James W. Mooty (born June 15, 1937) is a former American football safety in the National Football League for the Dallas Cowboys.  He was selected 1st team All-American by the Associated Press in 1959 while playing college football for the University of Arkansas.

Early years
Mooty attended El Dorado High School where he was a four-sport athlete. He was named to the football All-state team three years in a row and was a prep All-American as a senior.

College career
He accepted a scholarship from the University of Arkansas, where he was an All-American running back for head coach Frank Broyles and a teammate of Lance Alworth, Wayne Harris and Barry Switzer.

As a junior, he left school and went back home after the sixth loss of the season. Switzer, Mooty's roommate went along with Broyles to ask him to return. The team also voted to take Mooty back after losing two games.

In 1959, he nearly quit football again because of head injuries, but came back to have his best season registering 519 rushing yards and 5 rushing touchdowns (led the league). He helped his team win the Southwest Conference Co-Championship with a 9-2 record, which included the clinching touchdown run against Texas A&M University. He was the Most Valuable Player in the 1960 Gator Bowl after scoring the winning touchdown, with a 19-yard run against Georgia Tech, still considered to be a storied play in school history.

Mooty finished his college career after rushing for 1,152 yards on 211 carries for an average of 5.4 yards, 9 touchdowns and 13 receptions for 156 yards. He returned kickoffs, highlighted by a 100-yard return against Hardin–Simmons University in 1958. He also practiced college baseball.

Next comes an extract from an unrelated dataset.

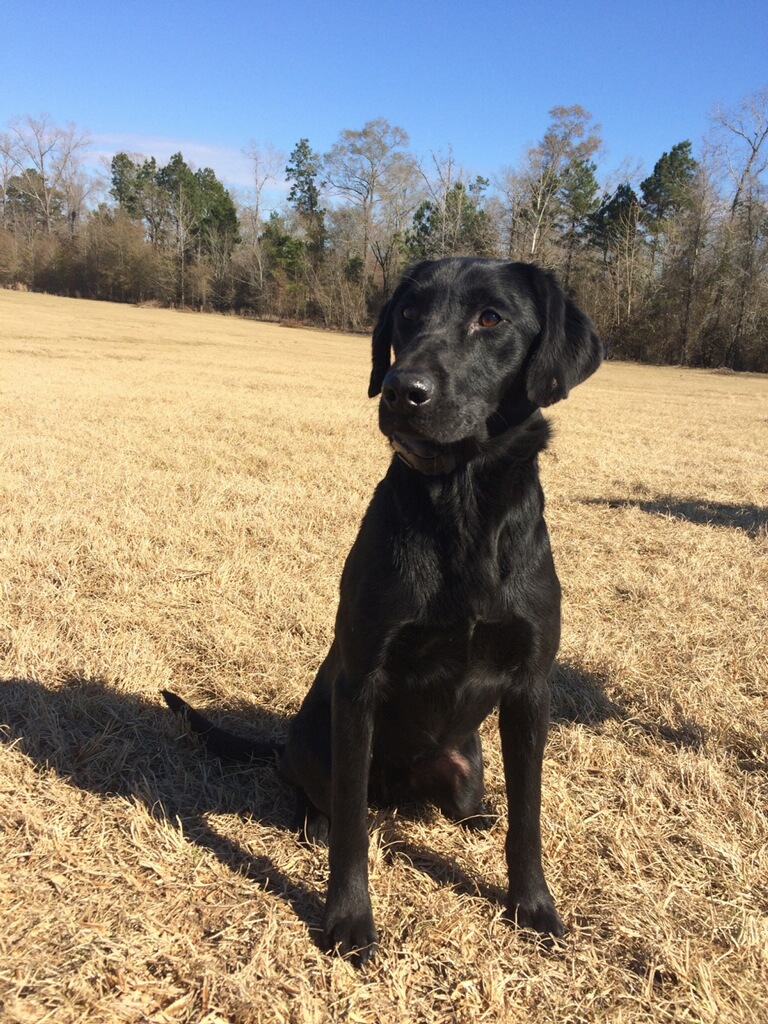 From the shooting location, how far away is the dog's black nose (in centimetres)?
177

He was inducted into the University of Arkansas Sports Hall of Honor. In 1981, he was inducted into the Arkansas Sports Hall of Fame. In 2011, he was inducted into the Union County Sports Hall of Fame. He was also named to the University of Arkansas All-Century Team and All-Decade Team of the 1950s.

Professional career
Mooty was signed by the Dallas Cowboys after going undrafted in the 1960 NFL Draft, because he was considered small to play running back in the National Football League. 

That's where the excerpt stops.